Il y a bien un paradoxe à fêter un Roi qui a vaincu non pas une armée mais le péché et la mort par sa résurrection. Nous osons dire que le Christ est déjà Roi. Seule la foi nous permet de célébrer une telle fête.

Les Hébreux eux aussi fêtaient un Roi sans armées. Au psaume 92 le psalmiste chante : « Le Seigneur est roi, il a revêtu sa force. Notre Dieu nous a libérés, il nous a proposé une alliance et son trône tient bon depuis l’origine du monde ». Les Hébreux étaient dans l’attente du Messie qui allait les délivrer.

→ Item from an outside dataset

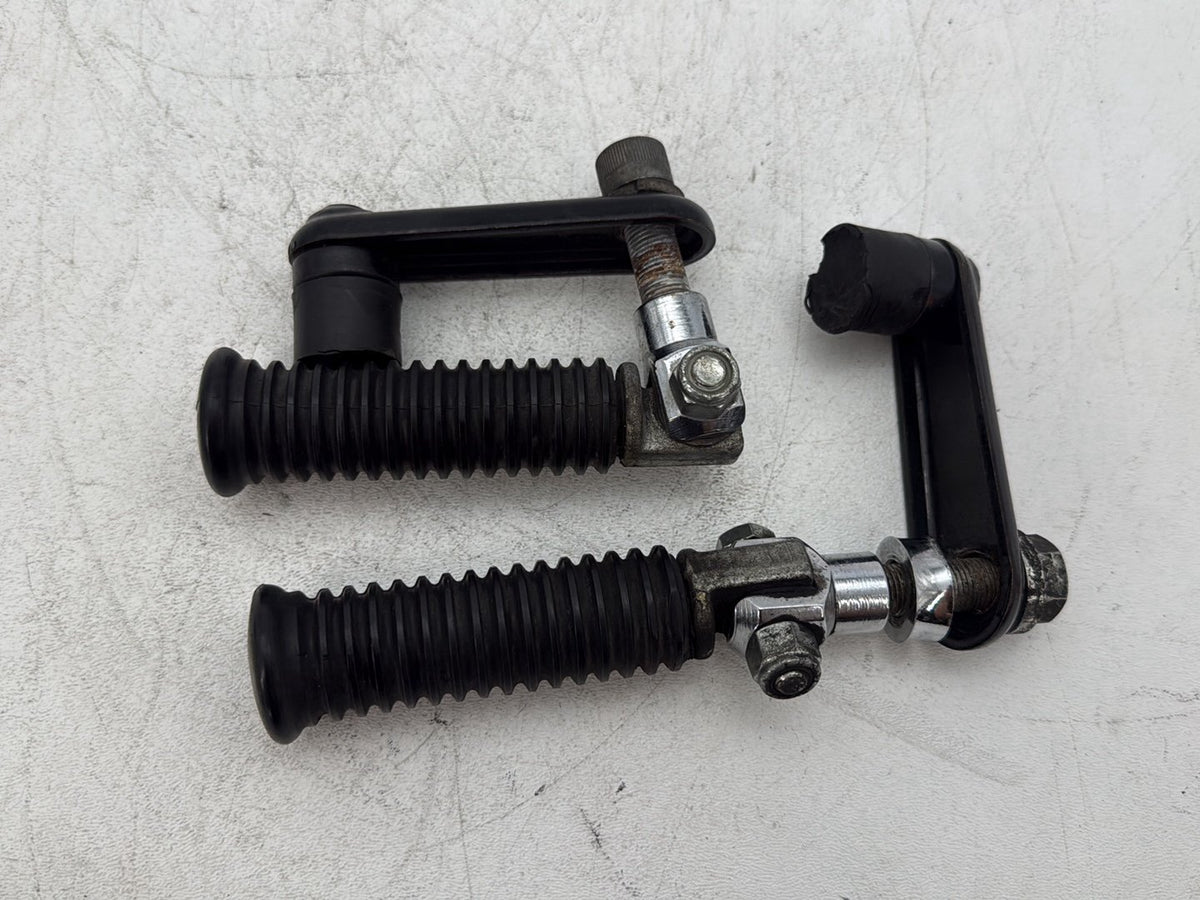 1997 Harley Softail Fat Boy FLSTF OEM Left & Right Step Foot Rest Pegs 33048-72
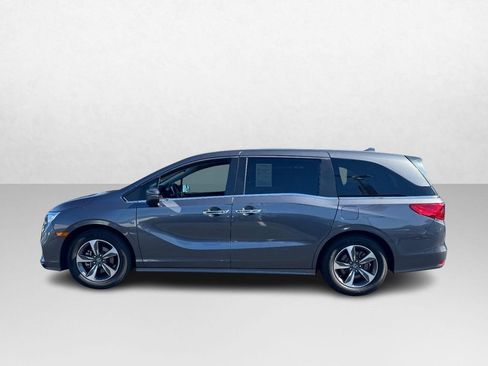 Used 2018 Honda Odyssey Touring image 2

Dans une semaine, la liturgie va nous faire revivre l’attente de la venue du Messie. L’attente du Christ Roi à la fin des temps est du même ordre que l’attente de l’enfant Roi venu en notre monde pour nous sauver. L’Eglise nous propose dans les deux cas une démarche nous aidant à mieux comprendre quelle est la royauté de Jésus.

Seigneur, ouvre nos cœurs à l’intelligence de ta Parole. Ainsi soit-il.